Price's first venture into the horror genre was in the 1939 Boris Karloff film Tower of London. The following year he portrayed the title character in the film The Invisible Man Returns (a role he reprised in a vocal cameo at the end of the 1948 horror-comedy spoof Abbott and Costello Meet Frankenstein).
In 1946, Price reunited with Tierney in two notable films, Dragonwyck and Leave Her to Heaven. There were also many villainous roles in film noir thrillers like The Web (1947), The Long Night (1947), Rogues' Regiment (1948), and The Bribe (1949) with Robert Taylor, Ava Gardner, and Charles Laughton. His first starring role was as conman James Addison Reavis in the 1950 biopic The Baron of Arizona. He also did a comedic turn as the tycoon Burnbridge Waters, co-starring with Ronald Colman in Champagne for Caesar. He was active in radio, portraying the Robin Hood-inspired crime-fighter Simon Templar in The Saint that ran from 1943 to 1951.
In the 1950s, he moved into horror films, with a role in House of Wax (1953), the first 3-D film to land in the year's top ten at the North American box office, then The Mad Magician (1954), and then the monster movie The Fly (1958) and its sequel Return of the Fly (1959).

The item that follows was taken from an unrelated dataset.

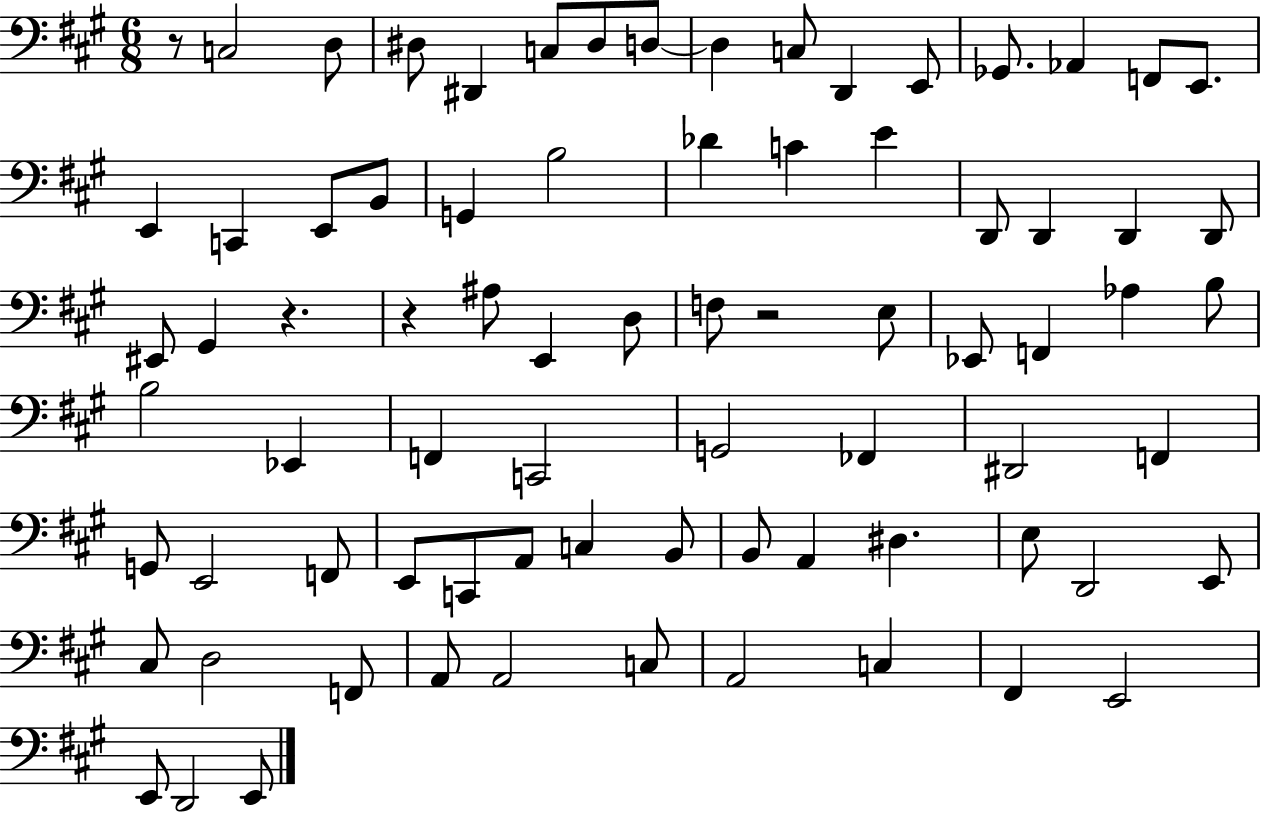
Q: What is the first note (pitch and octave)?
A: C3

Price also starred in the original House on Haunted Hill (1959) as the eccentric millionaire Fredrick Loren. He played Dr. Warren Chapin, in The Tingler, a 1959 horror-thriller film by the American producer and director William Castle. Price also appeared to great effect in the radio drama Three Skeleton Key, the story of an island lighthouse besieged by an army of rats. He first performed the work in 1950 on Escape and returned to it in 1956 and 1958 for Suspense.

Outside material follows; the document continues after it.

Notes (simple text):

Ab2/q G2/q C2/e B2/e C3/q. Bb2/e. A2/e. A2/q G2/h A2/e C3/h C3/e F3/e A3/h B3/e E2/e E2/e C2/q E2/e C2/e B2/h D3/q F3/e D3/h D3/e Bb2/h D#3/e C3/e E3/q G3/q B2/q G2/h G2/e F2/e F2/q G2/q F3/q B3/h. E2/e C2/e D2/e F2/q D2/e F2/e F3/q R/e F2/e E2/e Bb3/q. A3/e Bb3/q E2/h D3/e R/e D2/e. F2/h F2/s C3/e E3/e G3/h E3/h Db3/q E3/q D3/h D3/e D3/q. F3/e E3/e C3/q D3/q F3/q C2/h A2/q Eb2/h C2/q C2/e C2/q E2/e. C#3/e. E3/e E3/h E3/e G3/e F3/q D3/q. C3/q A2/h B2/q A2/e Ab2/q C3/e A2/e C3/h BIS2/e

Outside of the horror genre, Price played Baka (the master builder) in The Ten Commandments. About this time he also appeared on NBC's The Martha Raye Show.
In the 1955–1956 television season, he was cast three times on the religion anthology series Crossroads, a study of clergymen from different denominations. In the 1955 episode "Cleanup", he portrayed the Reverend Robert Russell. In 1956, he was cast as Rabbi Gershom Mendes Seixas in "The Rebel" and as the Reverend Alfred W. Price in "God's Healing".

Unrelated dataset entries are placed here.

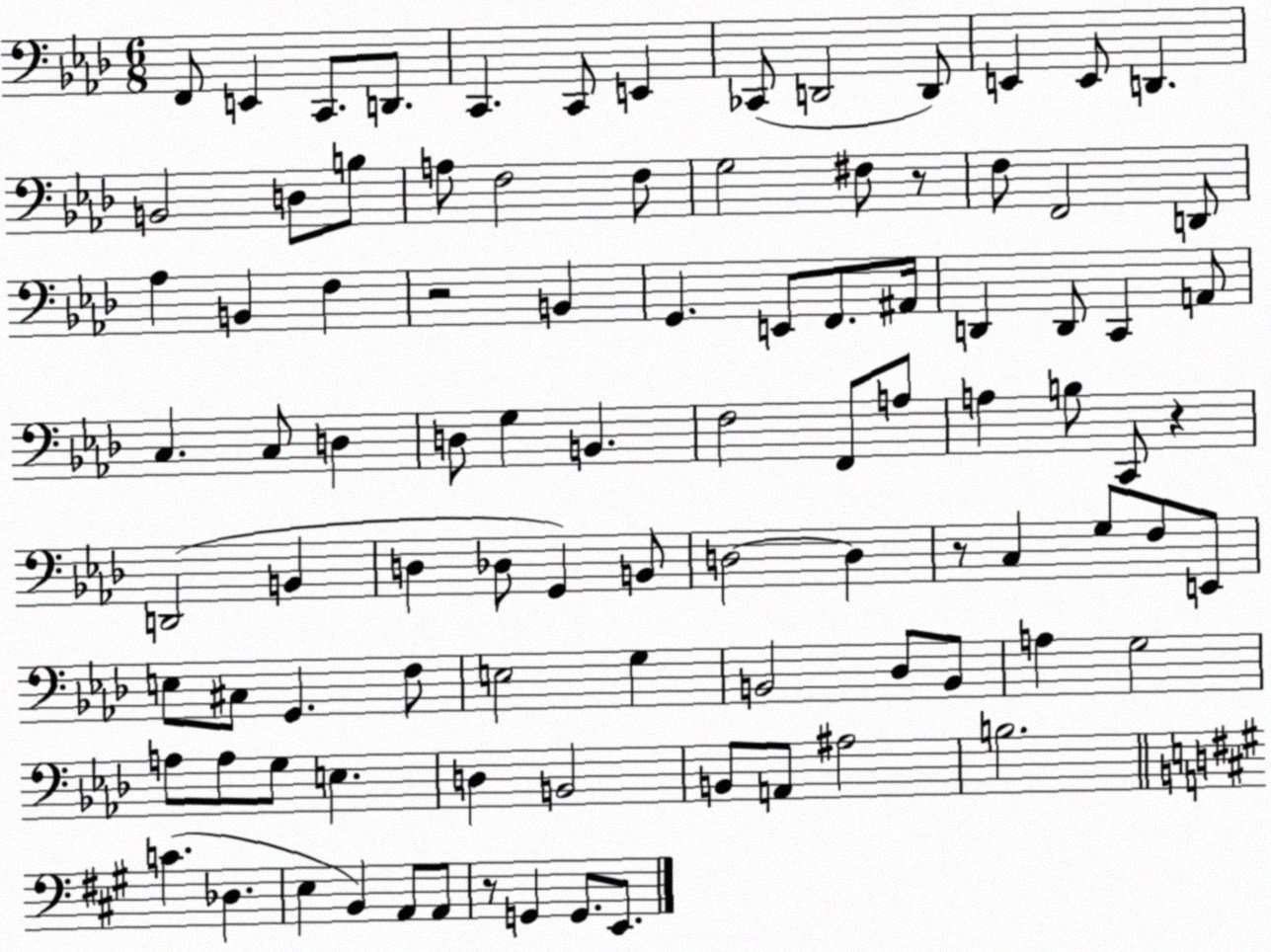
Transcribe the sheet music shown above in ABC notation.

X:1
T:Untitled
M:6/8
L:1/4
K:Ab
F,,/2 E,, C,,/2 D,,/2 C,, C,,/2 E,, _C,,/2 D,,2 D,,/2 E,, E,,/2 D,, B,,2 D,/2 B,/2 A,/2 F,2 F,/2 G,2 ^F,/2 z/2 F,/2 F,,2 D,,/2 _A, B,, F, z2 B,, G,, E,,/2 F,,/2 ^A,,/4 D,, D,,/2 C,, A,,/2 C, C,/2 D, D,/2 G, B,, F,2 F,,/2 A,/2 A, B,/2 C,,/2 z D,,2 B,, D, _D,/2 G,, B,,/2 D,2 D, z/2 C, G,/2 F,/2 E,,/2 E,/2 ^C,/2 G,, F,/2 E,2 G, B,,2 _D,/2 B,,/2 A, G,2 A,/2 A,/2 G,/2 E, D, B,,2 B,,/2 A,,/2 ^A,2 B,2 C _D, E, B,, A,,/2 A,,/2 z/2 G,, G,,/2 E,,/2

In the 1960s, Price had a number of low-budget successes with Roger Corman and American International Pictures (AIP) including the Edgar Allan Poe adaptations House of Usher (1960), The Pit and the Pendulum (1961), Tales of Terror (1962), The Comedy of Terrors (1963), The Raven (1963), The Masque of the Red Death (1964), and The Tomb of Ligeia (1965). He starred in The Last Man on Earth (1964), the first adaptation of the Richard Matheson novel I Am Legend. In 1968 Price portrayed witchhunter Matthew Hopkins in Witchfinder General (released in the US as The Conqueror Worm). He starred in comedy films, notably Dr. Goldfoot and the Bikini Machine (1965) and its sequel Dr. Goldfoot and the Girl Bombs (1966). In 1968 he played the part of an eccentric artist in the musical Darling of the Day opposite Patricia Routledge.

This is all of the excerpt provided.